“Yo no estoy en guerra con nadie”. Estas declaraciones del general Javier Iturriaga fueron algo más que una bocanada de aire fresco en medio del aire enrarecido de esa primavera del 2019. En pleno estado de emergencia, con los militares desplegados por las calles por primera vez en 30 años, el general dejó en claro que esta vez el ejército sería de todos los chilenos, es decir de ningún partido en particular. No era poca cosa para mucha gente que, como yo, para no ir más lejos, aprendimos a temer a esos uniformes grises que no hicieron nada para que los quisiéramos.
Con esa única frase el general Iturriaga podría haberse convertido en senador, diputado o, quién sabe, hasta Presidente. Se mantuvo en el ejército, en un rol estrictamente profesional, algo que completó el efecto de su declaración. O al menos la hizo verídica.
La frase de Iturriaga venía entonces a decirnos a los que escuchábamos desesperados en nuestras casas una y otra vez “El derecho a vivir en Paz”, que “La batalla de Chile” había terminado por fin. El general pareció entender a tiempo el signo de los tiempos.
¿Habrá entendido también esos tiempos, la institución que hoy lidera? Es justamente eso lo que pone en duda la terrible muerte de Franco Vargas y el destino de los que tuvieron la desgracia de servir a la patria esa noche.
Porque puede que el General Iturriaga no esté en guerra con nadie, pero a Franco Vargas y sus compañeros, el ejército de Chile los trató como solo se trata al peor enemigo. Todo el mundo sabe que cuando entra a servir en el Ejército arriesga tanto morir como matar.

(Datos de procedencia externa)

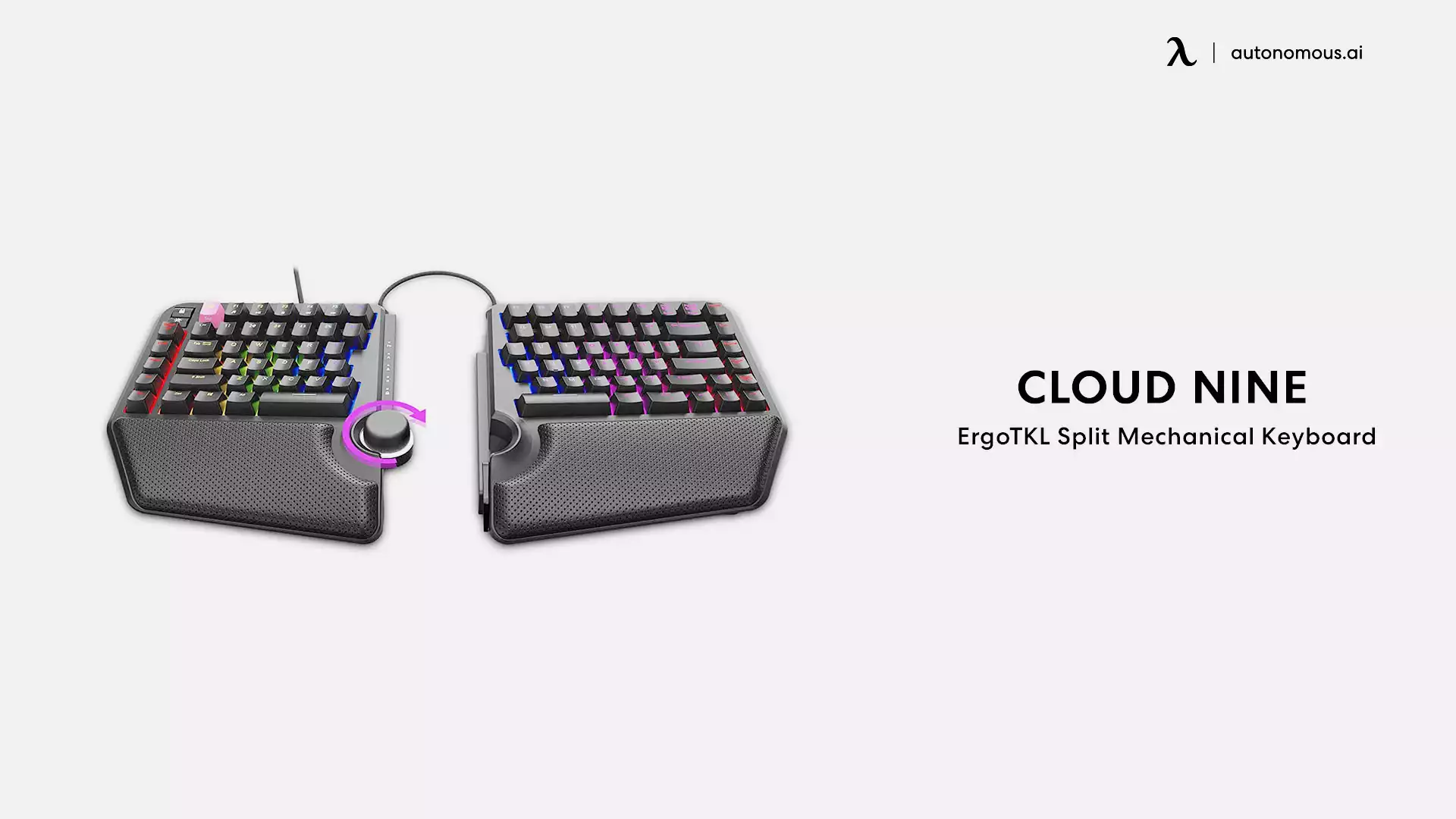 Cloud Nine's ErgoTKL Split Mechanical Keyboard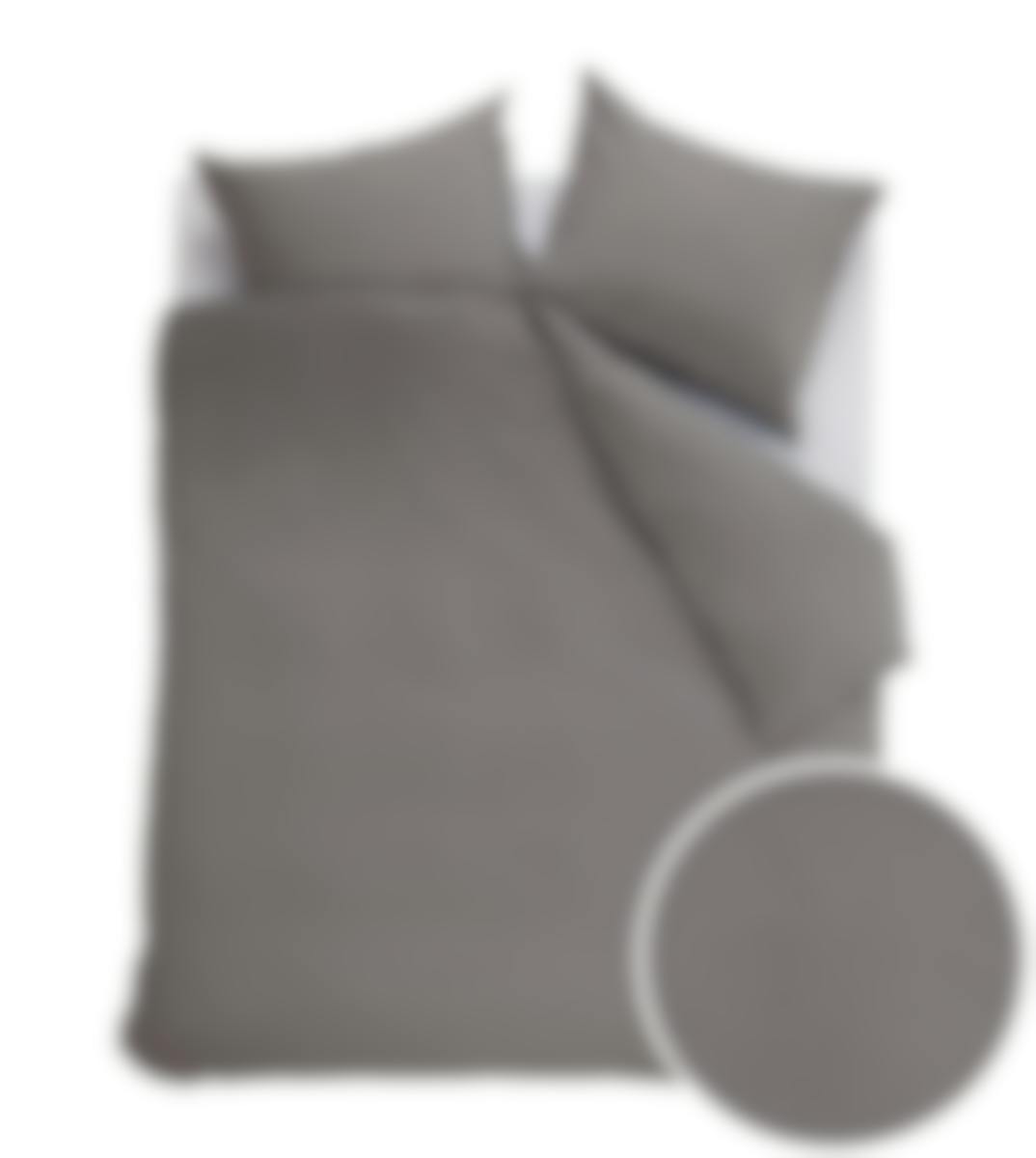 Ambiante dekbedovertrek Cotton Uni Grey Katoen 200 x 200-220 cm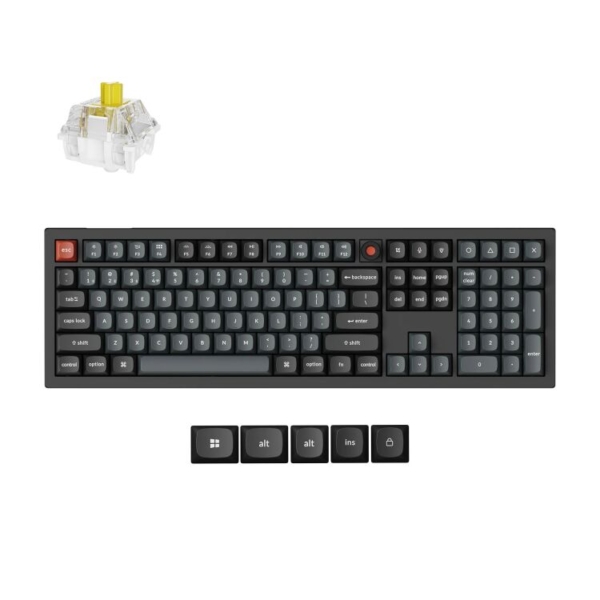 Keychron V6W-D4 8K QMK Wired Custom Mechanical Keyboard toetsenbord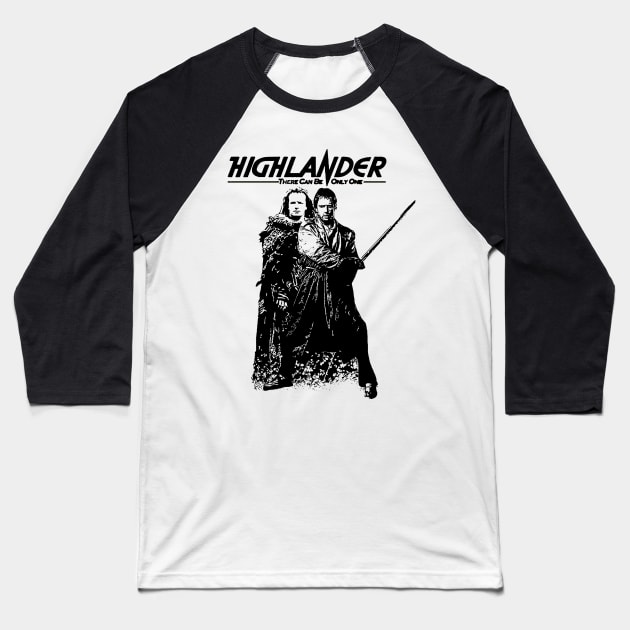 Highlander Tribute Baseball T-Shirt by Jldigitalcreations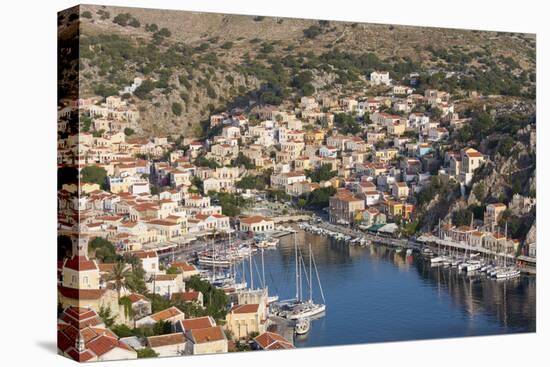 View over the Colourful Harbour, Dodecanese Islands-Ruth Tomlinson-Premier Image Canvas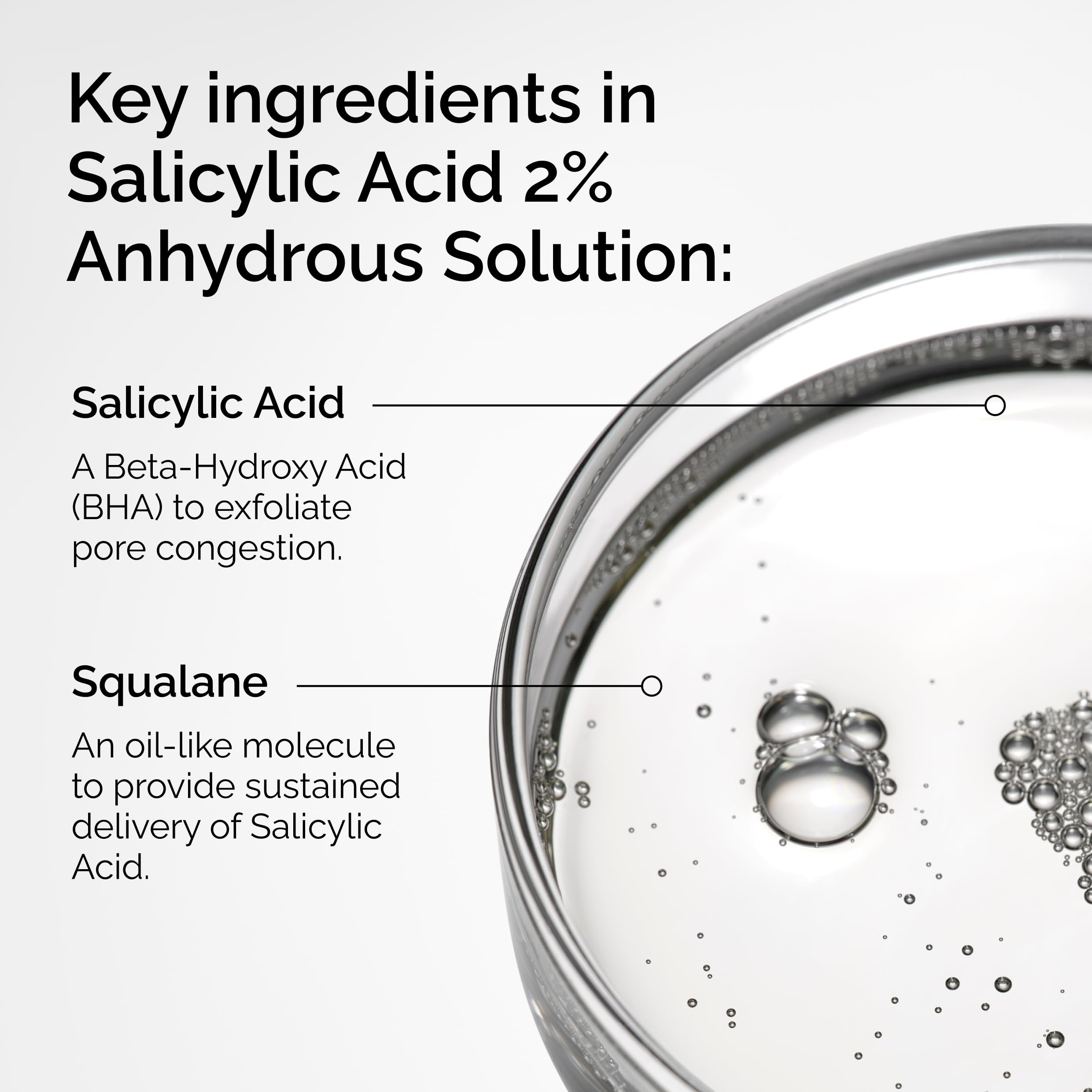 The Ordinary Salicylic Acid 2% Anhydrous Solution, Gentle Exfoliating Serum for Blemish-Prone Skin and Uneven Texture, 1 Fl Oz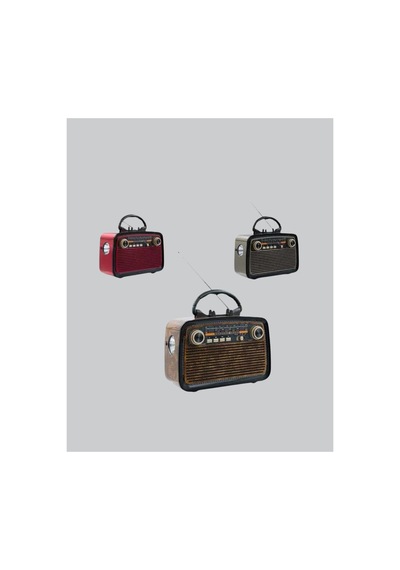 Trendlia Led Li Nostaljik Bluetooth Hoparlör Vintage Tasarım, Ahşap Doku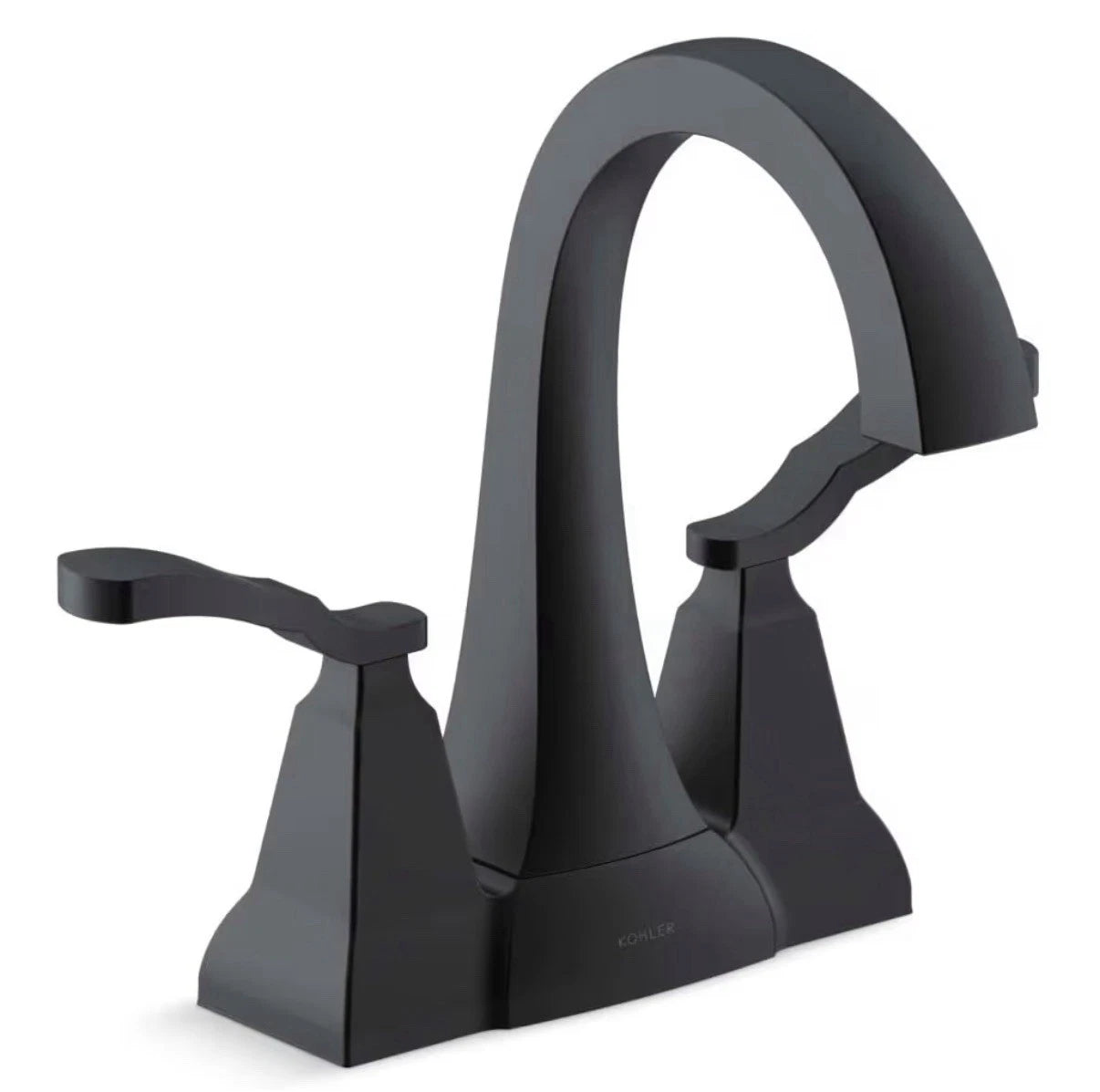Kohler Ridgeport 4in Centerset Bathroom Faucet (Matte Black)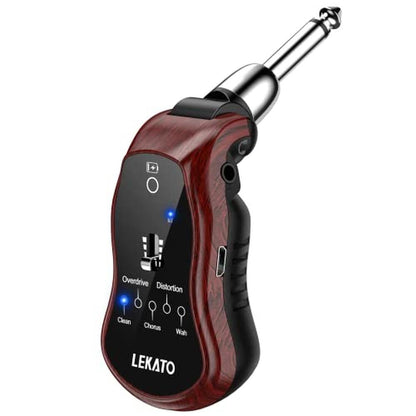 Guitar Headphone: LEKATO Micro Electric Guitar Headphone Amp – Front View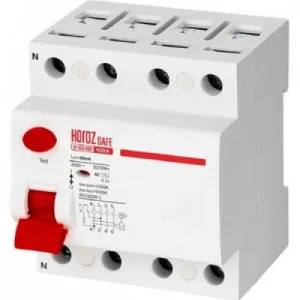 Пристрій захисного відключення Horoz Electric Safe 4Р 100А 30mA 230V (114-003-4100-010)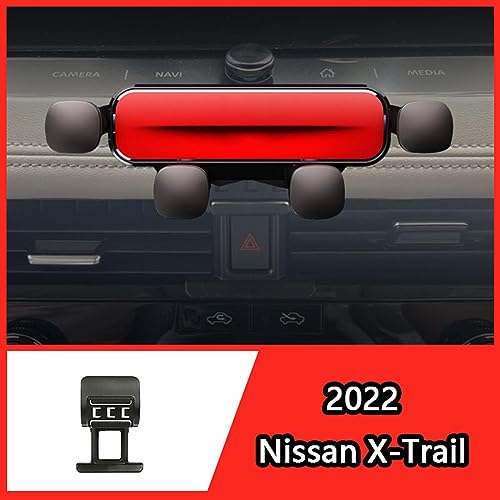 Support de téléphone de voiture pour Nissan X-Trail 2022 premium gris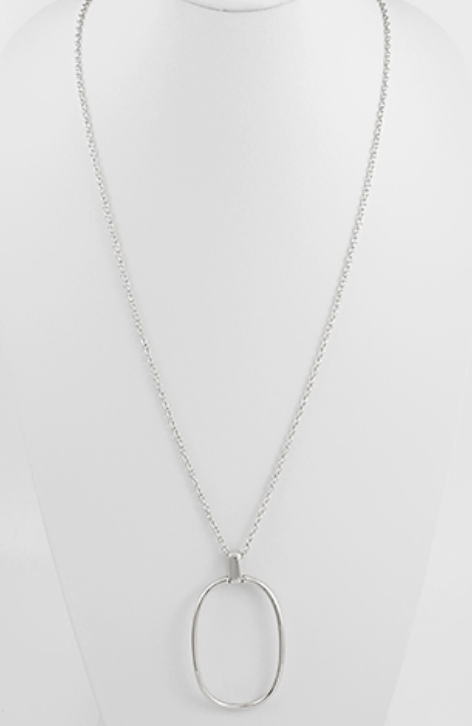 Oval Pendant Long Necklaces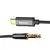 MR4_144765 Кабель aux audio baseus yiven m01 type-c to aux (3.5) 1.2m, чорний cam01-01 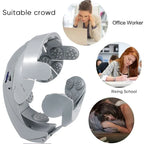 Electric Scalp Massager Helmet – 8-Level Vibration Head Massage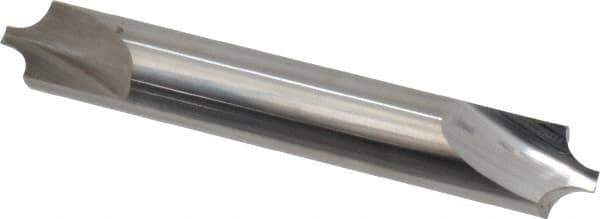 Hertel - 0.14" Radius, 3/8" Mill Diam, 2 Flute Solid Carbide Corner Rounding End Mill - Double End, Uncoated, 2-1/2" OAL, 3/8" Shank Diam - Eagle Tool & Supply
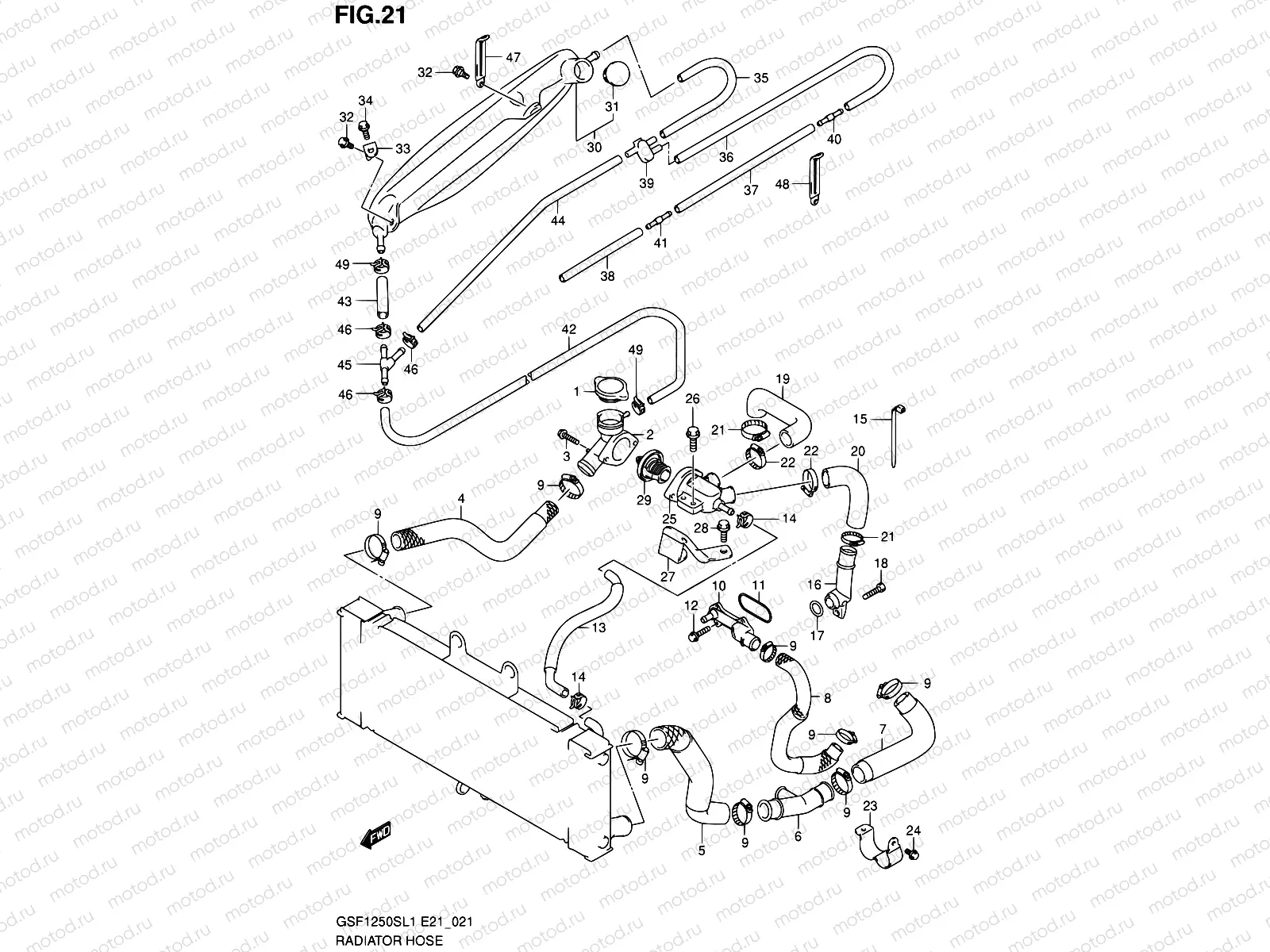 21 - RADIATOR HOSE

Pero también sabe que hay algo llamado honor que obliga a los superiores a tratarte con dignidad, con cuidado, como al héroe que en cualquier momento puedes llegar a ser. Un honor que te obliga también a tratar como si fuera tu propia familia a las madres y padres que entregan a sus hijos a la patria sin esperar nada a cambio.
Franco Vargas se convierte –gracias a la red con que quisieron disimular los pormenores de su muerte- en un símbolo de todo lo que va mal en nuestras fuerzas armadas (que es a su vez todo lo que va mal en nuestra sociedad en general). Un trato distante, altanero, frío y al mismo tiempo descuidado y poco profesional del que fuimos testigos de forma menos trágica, pero igualmente insultante, en el “milicogate”. La impresión de que el uniforme no obliga a más deberes, sino a menos, ni a más controles, sino a ninguno. La impresión de que algunos oficiales se piensan como de otra especie que los chilenos, que le pagamos el sueldo.
El aire fresco de la calle corre con muchas dificultades entre quienes se licencian y posgradúan en ciencias militares, en escuelas militares, para terminar en agregadurías militares donde se visitan con otros militares de otros países en que los compartimientos estancos se reproducen igual. Militares hijo de militares, primos de militares, padres de militares hasta el infinito (tuvimos dos comandantes en jefe primos entre sí).
Los conscriptos que vienen de una sola clase social, la menos favorecida, no rompen el círculo vicioso, sino que lo acentúan. A este clima enrarecido escapan menos que nadie los civiles a cargo de los militares. A ellos les ocurre lo que llamo el “vudú” del ministerio de Defensa. Un especial encantamiento que convierte a todo y cualquier ministro de Defensa en una persona que mira con los ojos en blanco paradas militares, himnos, banderas y exhibiciones de caballos y aviones. Encantamientos tan distintos entre sí como los de la expresidenta Bachelet, Vidal vocero, el radical Gómez y el incombustible Edmundo Pérez Yoma.
Es quizás ese encantamiento lo que explica la simpatía con que los gobiernos de la Concertación permitieron todas las importaciones no tradicionales y las contabilidades imaginarias de sus amigos en uniforme. Bajo el encanto también cayeron varios ministros de Piñera que se convirtieron en soldados sin uniformes.
No vemos que Maya Fernández haya roto con el hechizo, muy por el contrario. La lentitud y poco asertividad de sus reacciones no están ayudando en nada a la regeneración que el ejército de Chile necesita con urgencia. El general Iturriaga tampoco ha actuado con particular velocidad, pero parece entender un poco mejor cada día la gravedad del momento. Sabe, o está empezando a saber, que está en su primera gran batalla y que de ella depende algo más que su cargo.
Quizás por eso está dispuesto a que algunos de sus cercanos empiecen a pagar el precio que deben pagar. Es poco todavía. Falta mucho más, pero ojalá la promesa de su salida de libreto del 2019 se cumpla y tengamos por fin un ejército que no está en guerra con ningún chileno.